Un bus, puis deux, puis trois, quatre, cinq… Il n’est pas encore 18 heures quand le parking du supermarché Lidl de Pauillac (Gironde), commune de 5 000 habitants au cœur du vignoble bordelais, s’emplit soudainement. Des dizaines d’hommes et de femmes descendent de plusieurs cars immatriculés en Roumanie et s’engouffrent dans les rayons de l’enseigne. Ils en ressortent rapidement avec des barquettes de chipolatas, des baguettes de pain, des paquets de chocolats liégeois, des fruits… Ils se sont empressés de faire des courses pour le repas du soir, après avoir débauché. Ils ont passé des journées harassantes dans les vignes, à vendanger grands crus et petits vins médocains sous le soleil de l’été finissant.

Pantalons et chaussures poussiéreux, visages fatigués, peaux tannées, dans les rayons du supermarché, Alexandru (toutes les personnes citées par un prénom ont requis l’anonymat), 16 ans, et son grand frère Darrel se voient remettre deux billets neufs de 100 et 50 euros. « Partagez entre vous », indique, en langue roumaine, celui qui semble être un chef de groupe. Alexandru s’est formé aux travaux de la vigne sur le tas. « Ce sont les anciens qui m’ont appris la taille et l’ébourgeonnage », dit-il. Darrel, l’aîné, fait les saisons dans le Médoc depuis six ans. A côté d’eux, dans la file qui s’avance vers la caisse, José, 60 ans, porte un tee-shirt froissé à l’effigie du prestigieux domaine pour lequel il fait les vendanges depuis « sept ou huit ans », comme d’autres de son village d’Andalousie avant lui. « A 10 euros net de l’heure, c’est mieux payé que les olives », justifie l’homme.

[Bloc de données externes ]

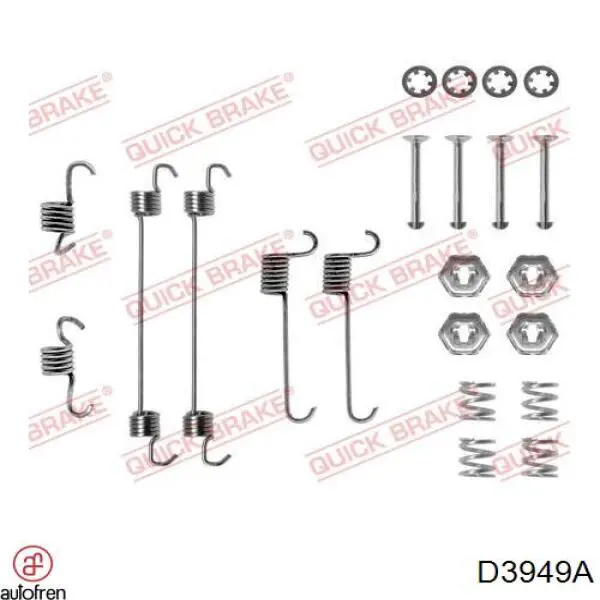 Монтажный комплект задних барабанных колодок D3949A Autofren
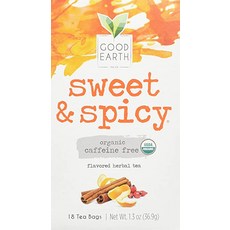 Organic Sweet & Spicy Herbal Caffeine Free Good Earth Teas 18 Tea Bag, 1개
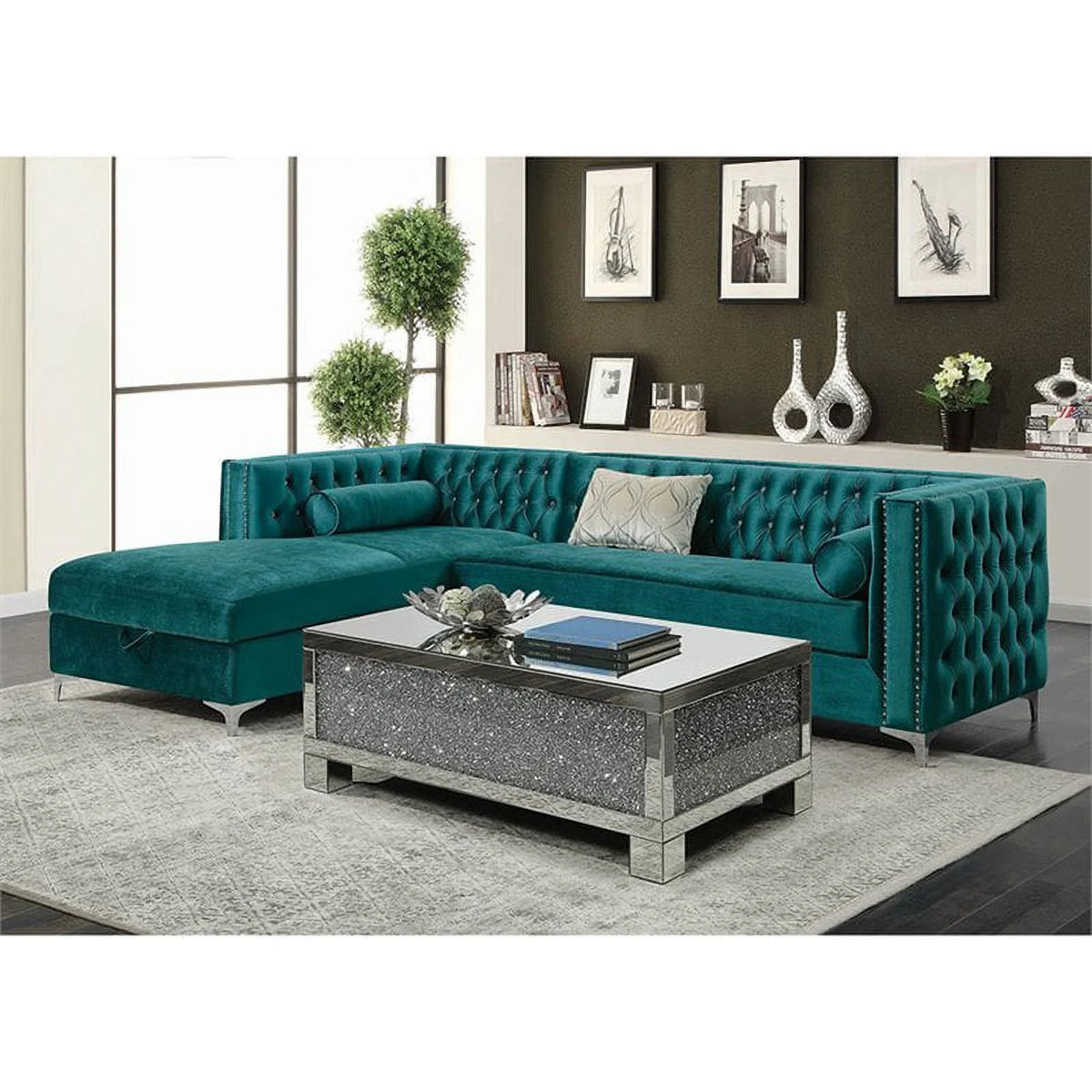Green Velvet Left Facing Storage Sectional F466794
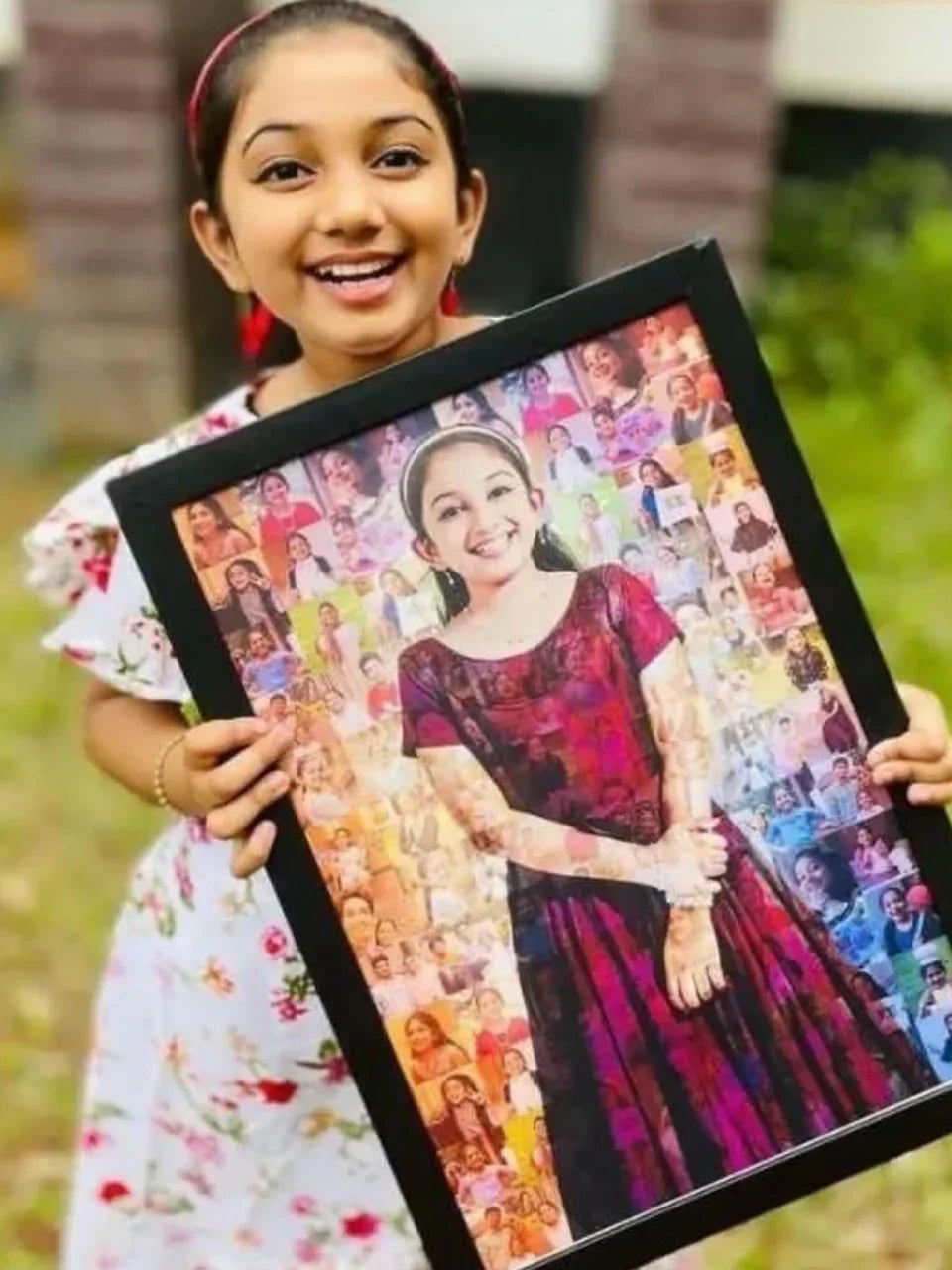 Girl holding personalized photo collage frame with custom portrait, perfect gift idea for loved ones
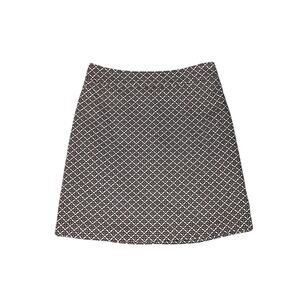 Ann Taylor A-line Skirt Size 10 Geometric Preppy Quiet Luxury Black Ivory Pink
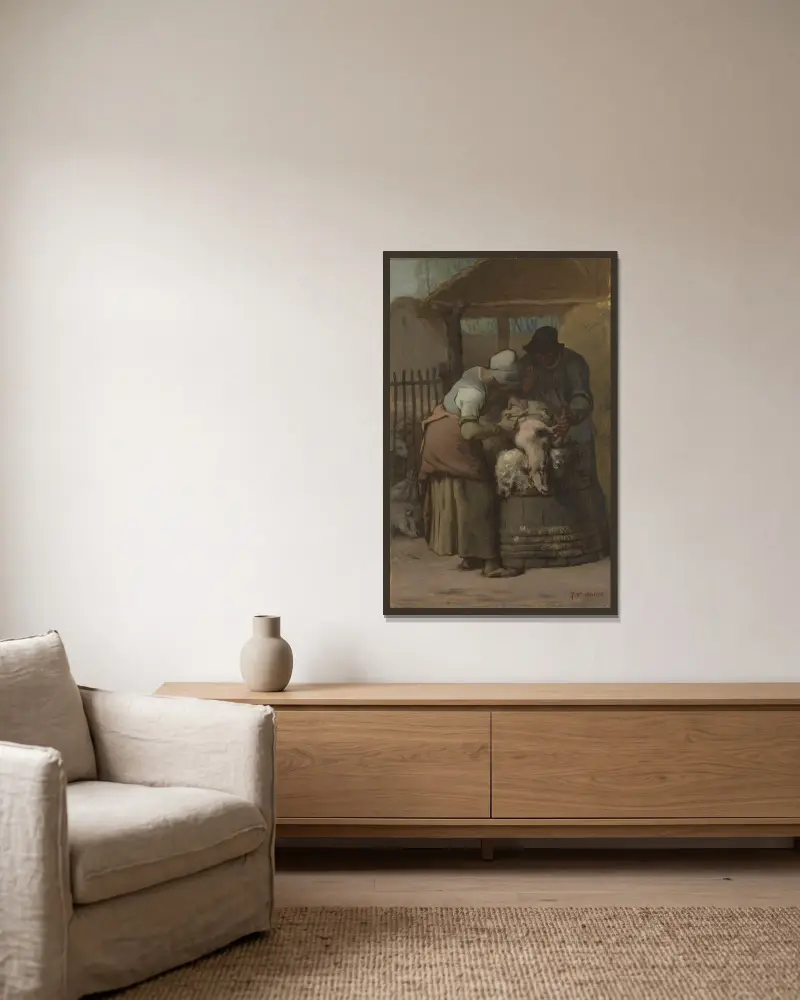 Die Schafscherer von Jean-François Millet gerahmt an einer Wand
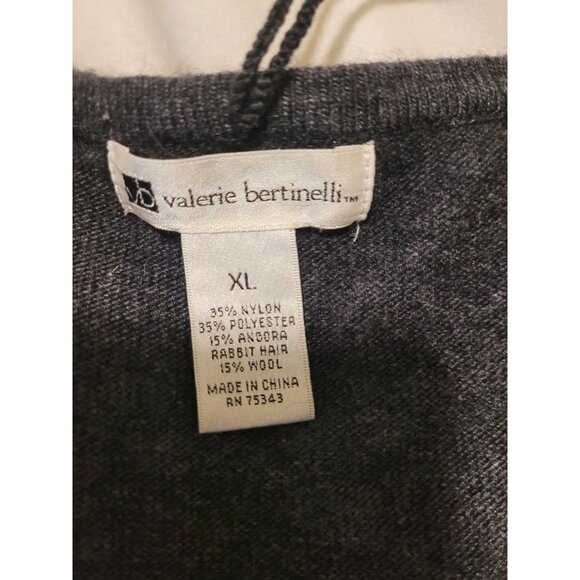 Womens Angora Wool Blend Sweater Top Gray XL Long Valerie Bertinelli Cozy soft - Picture 3 of 5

Bientôt, les bus repartent. Leur apparition furtive rappelle aux locaux que le plus grand vignoble de France, avec 100 000 hectares cultivés et 600 millions de bouteilles produites par an, vit grâce à cette main-d’œuvre étrangère. Cela n’a pas toujours été le cas. Au début des années 2000, dans un secteur soumis à des crises et des restructurations, les domaines viticoles se sont désengagés de certains travaux, comme la taille de la vigne ou les vendanges, pour les confier à des prestataires de services, qui fournissent matériel et main-d’œuvre. La préfecture indique que la Gironde compte aujourd’hui environ 5 000 châteaux et, à leur service, plus de 600 sociétés prestataires de main-d’œuvre agricole immatriculées dans le département.